Imposing a hard limit on Python integers

storchaka · August 29, 2024, 12:58pm

Currently, the upper limit of Python integers is determined by the size of the block of memory that can be theoretically and practically allocated. On 32-bit platforms it is \frac{15}{2}(2^{31}-1) < 2^{34} bits (2 bytes for every 15 bits). On 64-bit platforms the theoretical limit is \frac{15}{2}(2^{63}-1) < 2^{66} bits. This requires insane amount of memory. This is much more than any existing computer have or can have in observable future. In both Intel64 and AMD64, the 52-bit physical address limit is defined in the architecture specifications. 64-bit computing - Wikipedia

I propose to impose hard limit of 2^{63}-1 or 2^{64}-2 bits for Python integers. With such limit (if forbid creation larger integers even if the size in bytes can fit in 64 bits) the number of bits can always be expressed as 64-bit integer (signed or unsigned), and some complex code in longobject.c and mathmodule.c could be simplified. Currently it is written to support integers larger than such limit, although this cannot be tested (and likely could not be tested in this century).

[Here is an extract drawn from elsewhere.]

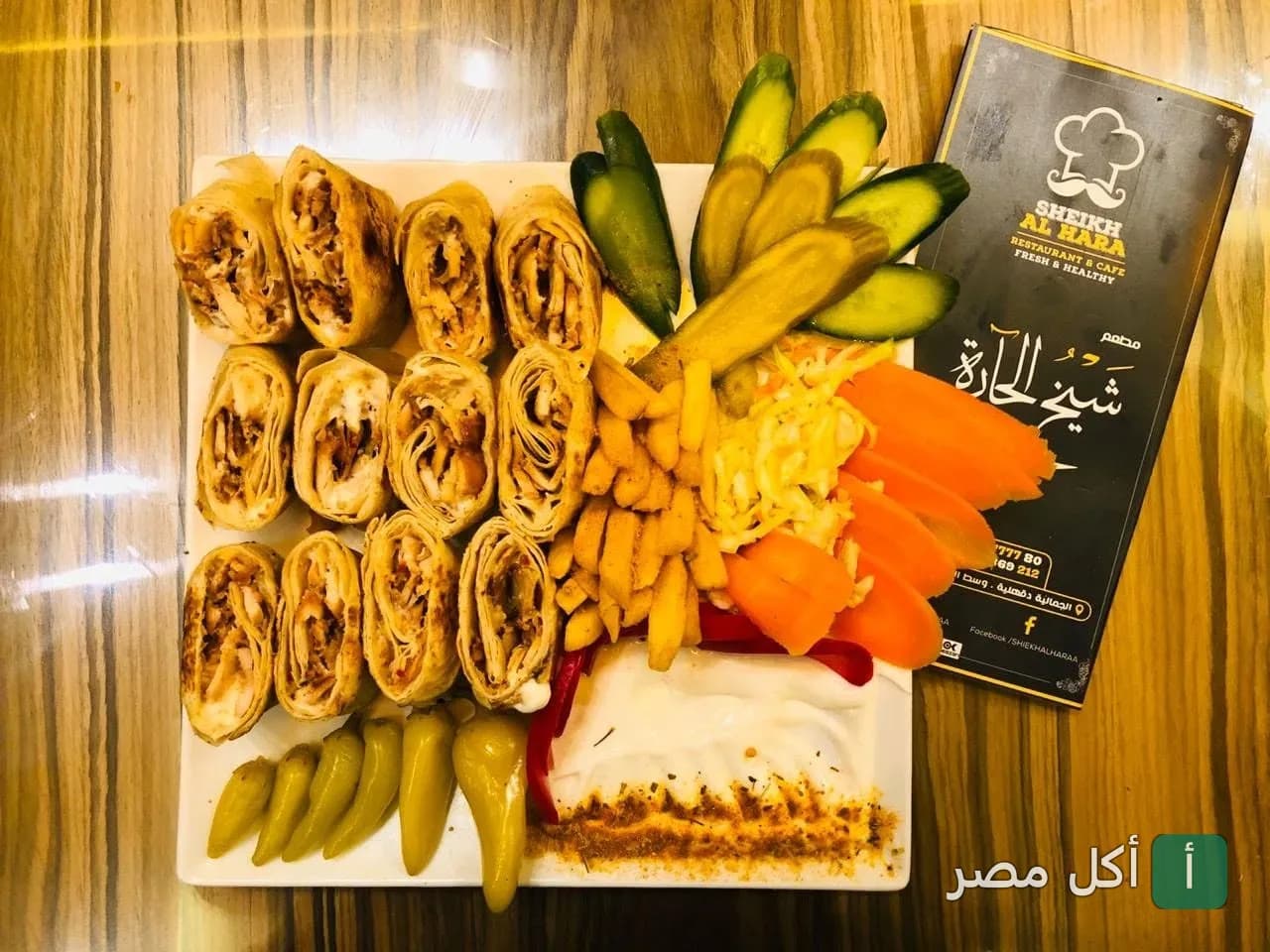 طبق شاورما مقطع مع بطاطس ومخللات بجانب قائمة طعام مطعم شيخ الحارة في الجمالية.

This can be implementation limit, not language limit.

I proposed this idea in the discussion about gh-121485: Always use 64-bit integers for integers bits count by serhiy-storchaka · Pull Request #121486 · python/cpython · GitHub, and @mdickinson liked it. But this is a fundamental change and should be discussed among all core developers.

oscarbenjamin · August 29, 2024, 1:28pm

Is it a fundamental change?

If it is possible to change this now then it would be similarly possible to change it again in future if it somehow becomes desirable to exceed this limit. That is a purely theoretical concern for the foreseeable future though anyway as you say since at the least it would seem to require supporting some future architecture that does not even exist yet.

A more realistic concern: are there any compatibility implications for downstream extension modules resulting from this change?

I presume that this really only actually changes anything in a 32-bit build because otherwise size_t would already be 64 bits anyway right? So basically this is just making the type bigger on 32 bit system so that the code can be simpler?

Does there exist a supported platform where size_t is more than 64 bits?

notatallshaw · August 29, 2024, 1:49pm

Why is this in “Core Development” and not “Ideas”? It would be a big breaking change for many users (e.g. anyone who ever uses scripts to write Number Theory or Cryptography) and would presumably require a PEP?

I’ll note that limiting integers to be capped by default to printing 4,300 digits (approx 14,284 bits) without prior announcement caused significant backlash: Int/str conversions broken in latest Python bugfix releases.

Or am I misunderstanding, and this is an internal implementation detail that affects C code and not Python code?

Edit: Apologies, reading again, this is almost certainly “CPython implelentation integer” and not “Python Integers”. I hope you appreciate why I found the termanology confusing.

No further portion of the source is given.